The research by Buchwald and Goldberg is hands-on experimentation, entailing the physical manipulation of twins, as opposed to simply observing their behavior or questioning them about their health. The researchers are well aware of twin experimentation’s ugly past.

Before World War II, twin studies were conducted in the Soviet Union, England, and the United States, but Germany was the site of the most advanced work. The world’s leading twin scientist was Otmar von Verschuer. He wrote a book on tubercular twins, arguing that susceptibility to the disease had a genetic foundation. Von Verschuer compiled a large file of twins in the Berlin area, in effect the first twin registry, and he compared the children for features like lung capacity and intelligence.

In the 1930s Von Verschuer headed the Institute for Hereditary Biology and Racial Hygiene in Frankfurt, where his favorite graduate student was Josef Mengele. The German scientists believed in eugenics. Adolf Hitler’s rabid program of eugenics required the improvement of the so-called Aryan race and the elimination of other “races” that were deemed inferior, especially Jews. Thus Von Verschuer, Mengele, and their colleagues were commissioned to find measurable ways of telling the races apart.

Twin studies conducted at the Auschwitz concentration camp in 1943 and 1944 became a central part of this effort. Mengele personally picked pairs from the crowds of incoming prisoners and performed grisly experiments on them. He would subject one twin to X-rays, blood transfusions, or bacterial injections and not the other, and then look for differences in their organs. He listed the eye colors and other features of twins of several nationalities, trying to tell which traits were genetically fixed and which might be malleable. Geneticists now know this was a scientifically doomed project, since the genetic variation within any ethnic group far exceeds the variation between different groups.
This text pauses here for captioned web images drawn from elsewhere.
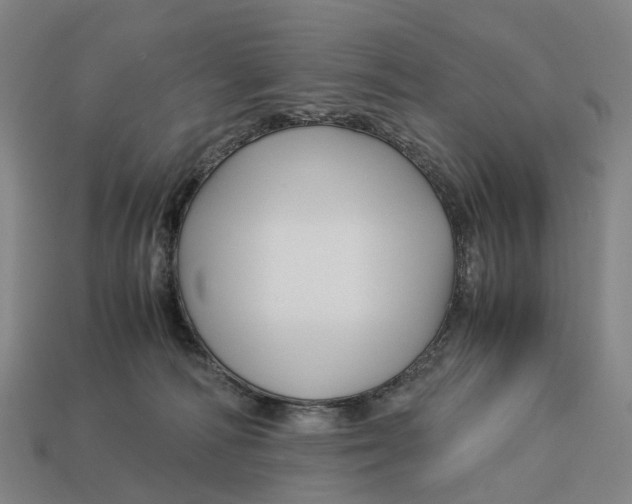 X0000113090226200909251017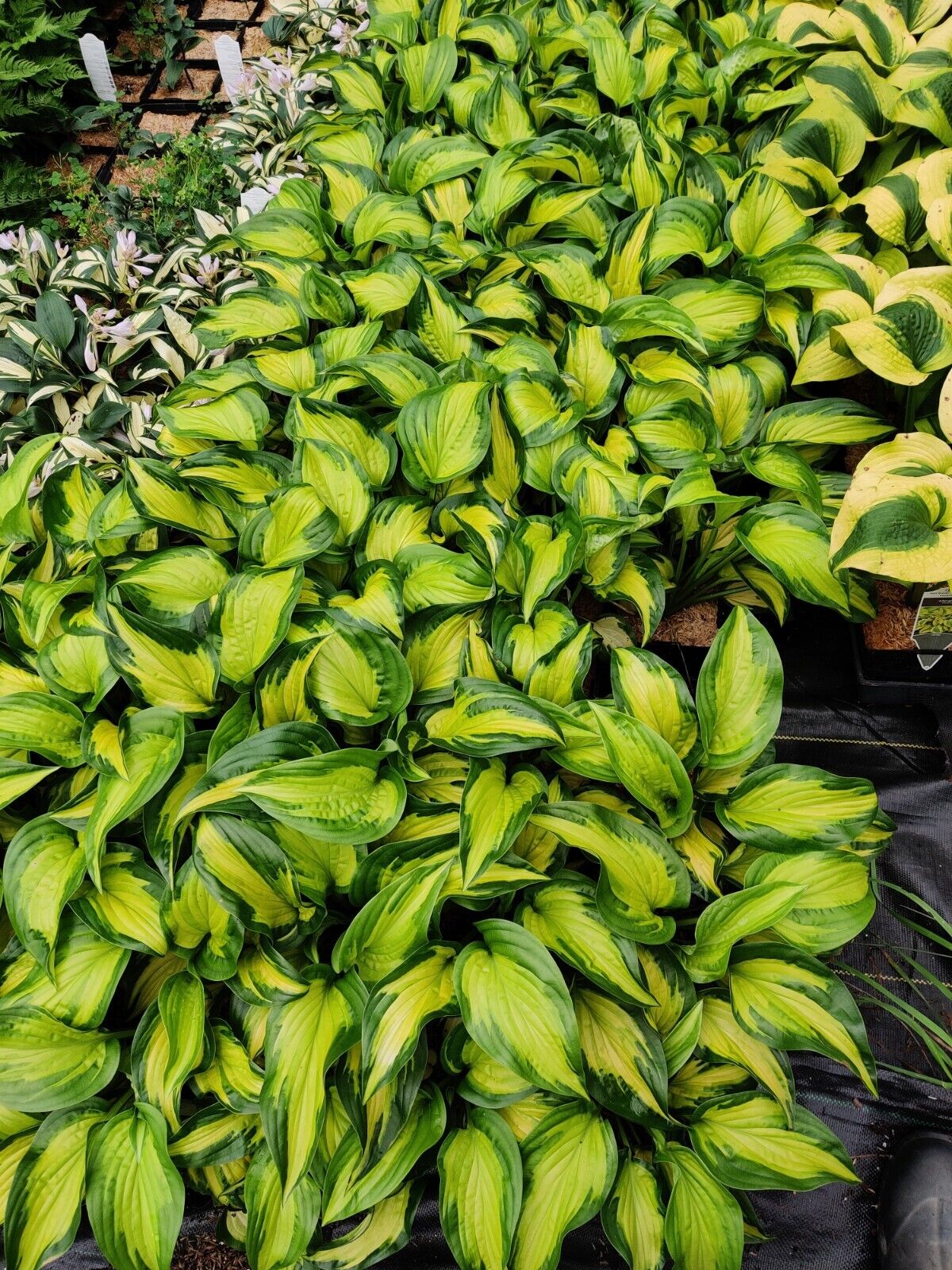 Hosta Etched Glass Well Rooted 5.25" Pot Perennial Proven Winners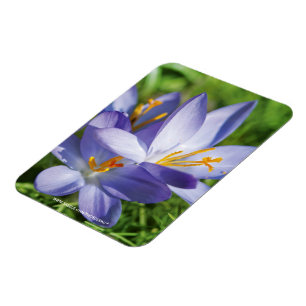 Krokus Magneet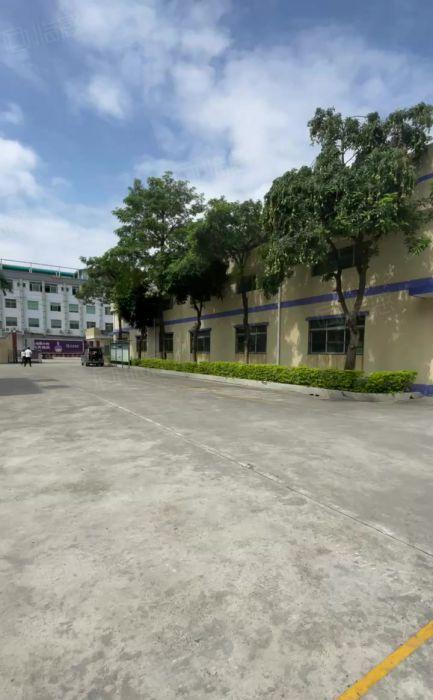 新资源道滘1000平单一层空地大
Mengele’s notes and findings were lost. Good riddance, say those who work with twins today, most of whom cannot bear to talk about Mengele. In the aftermath of World War II, scientists shied away from a biological or inherited framework for people’s differences. The nature-nurture pendulum swung toward environmental causes of disease—industrial pollution for cancer, for example. Autism was believed to be caused by bad parenting—a failure of the home environment, not an innate deficit. Learning and conditioning were held to be the font of all behavior, not genes. Statisticians reexamined the body of work on heritability in general and declared the sample sizes too small to support the nature-nurture statistics. Worse, fraud appeared to sully a celebrated British study of twins’ intelligence.
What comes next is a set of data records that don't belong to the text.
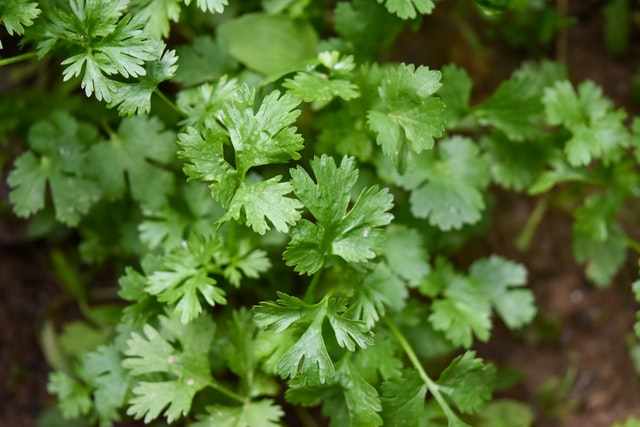parsley spices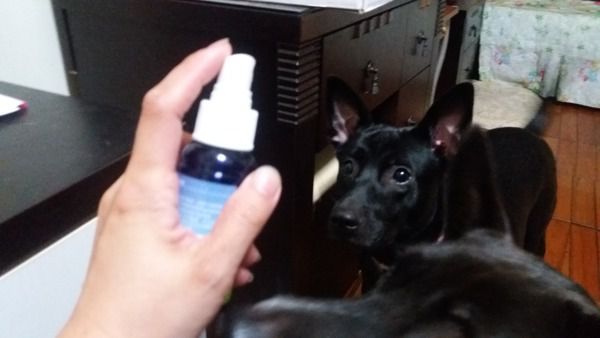 NATURKEY力萃奇防蚊液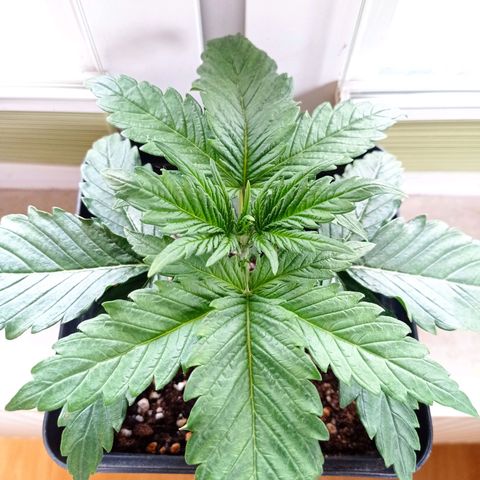 Strawberry Cake growlog timeline photo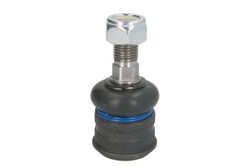 Pivot REINHOCH RH03-3024
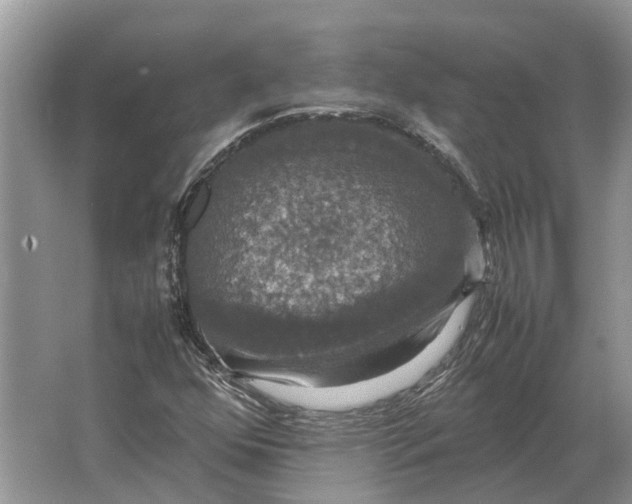 X0000064771352200603031814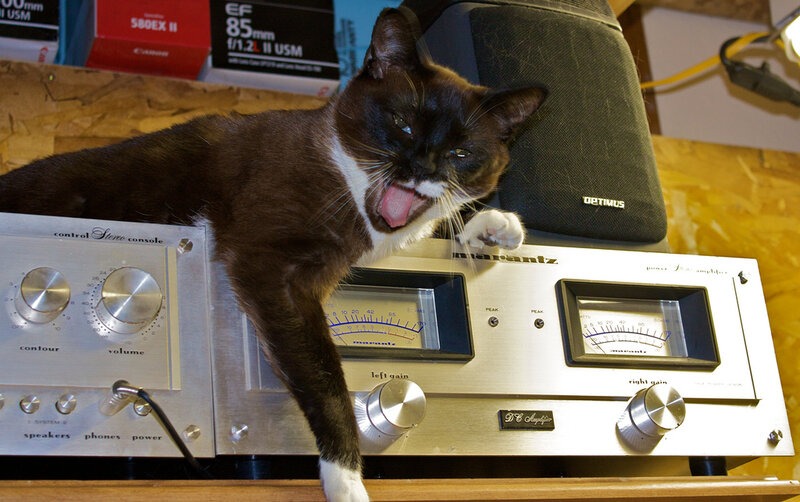 Yawning Cat on Amplifier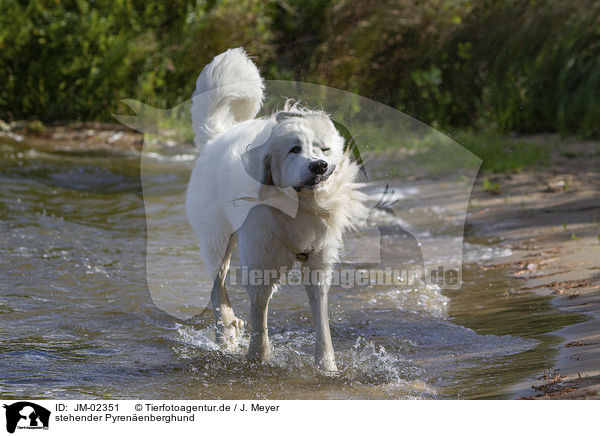 stehender Pyrenenberghund / standing Pyrenean Mountain Dog / JM-02351
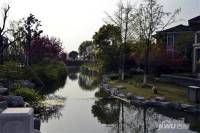 山水湖滨花园二期实景图图片
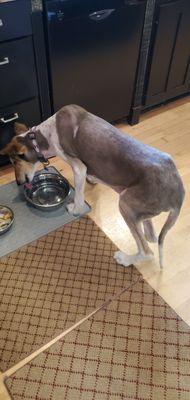 Burleigh Road Animal Hospital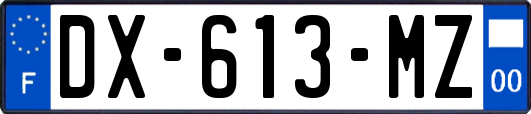 DX-613-MZ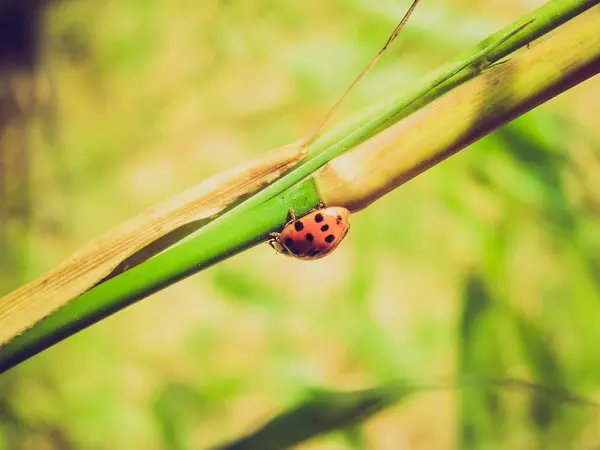 Look rétro Lady Beetle — Photo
Twin studies did not get back on their feet until 1979. Psychologist Thomas Bouchard of the University of Minnesota, fending off comparisons with Mengele, founded the Minnesota Study of Twins Reared Apart. Bouchard helped introduce a new study approach by systematically finding and following adult twins who had been separated since their early childhoods. The first pair to be scrutinized were the famous “Jim” twins, two identical brothers who reunited in 1979. Not only were both named Jim (a coincidence of their adoptions) but they also shared a taste for woodworking, bit their fingernails to the nub, had identically named sons, smoked the same brand of cigarettes, drove the same cars, and held the same kind of job. Growing up, these twins had no experiences in common, yet they had turned out intriguingly the same.